— INFORMATION PROVIDED —
== Segment start ==
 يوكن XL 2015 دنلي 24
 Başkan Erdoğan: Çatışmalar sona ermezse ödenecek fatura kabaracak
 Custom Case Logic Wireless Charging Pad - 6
== Segment end ==
— TASK DIRECTIONS —
Nothing but the lines from the one with "Başkan Erdoğan: Çatışmalar" through the final line of the data belongs in the answer, and they must match exactly.

— TASK ANSWER —
 Başkan Erdoğan: Çatışmalar sona ermezse ödenecek fatura kabaracak
 Custom Case Logic Wireless Charging Pad - 6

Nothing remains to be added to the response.